Defusing the Antimatter Bomb

Defusing the Antimatter Bomb

A maniacal scheme by a ruthless villain. A desperate search for a time-bomb. A harrowing escape from destruction.

We’ve seen these plot devices repeated throughout the action/adventure genre. Obviously, the climaxes of popcorn flicks are rife with scientific inaccuracies. It drives my wife crazy when I point them out, but the unusual bomb set to blow Vatican City sky-high in the recent adaptation of Dan Brown’s thriller Angels & Demons deserves some discussion.

In this prequel to The Da Vinci Code, villains steal and attempt to use antimatter to destroy the Vatican. According to Einstein’s famous formula E = mc2 (where c is the speed of light), when antimatter encounters normal matter, both annihilate and convert all the mass into energy. The enormous energy released by this combination, particularly when involving x-rays and gamma-rays, highlights the catastrophic capabilities of antimatter. The bomb in the story is made from only a quarter-of-a-gram of antimatter (contained by magnetic fields). That may not seem like much, yet even that amount would pack a jolt equal to fifteen thousand tons TNT—similar to the firepower of the bombs dropped on Hiroshima and Nagasaki.

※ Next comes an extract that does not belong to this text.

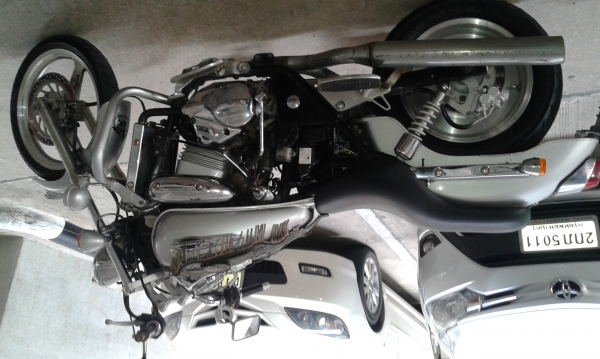 แฟนทอม ปี43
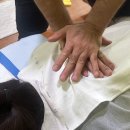 산본빌딩 | 산본마사지 몸바른건강힐링샵 통증마사지 후기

The use of a magnetic container in Angels & Demons demonstrates that the author put forth some effort to make the plot scientifically plausible. Nevertheless, TV’s MythBusters would have a field day with the story. For example, the hero uses a helicopter to harmlessly detonate the bomb in the sky over the Vatican. In reality, as demonstrated by the atomic bombs used in WWII, detonation a couple thousand feet in the air would maximize damage.

Unsurprisingly, the story’s plot relies on the antiquated premise that science and Christianity inherently conflict. But the history of antimatter in the universe shows signs of the fine-tuning expected of the biblical Creator. Even though antimatter composed nearly half the mass of the early universe, no significant concentrations of antimatter persist today. However, if the early universe had contained identical amounts of antimatter and matter, none of life’s building blocks would have remained.

Almost every known process for making antimatter produces equal amounts of antimatter and matter. Yet for reasons still not understood by scientists, some process (or processes) in the early universe created only a billion particles of antimatter for every billion and one particles of matter. Subsequently, all the antimatter collided with matter annihilating the antimatter, leaving a universe with an abundance of matter to form life.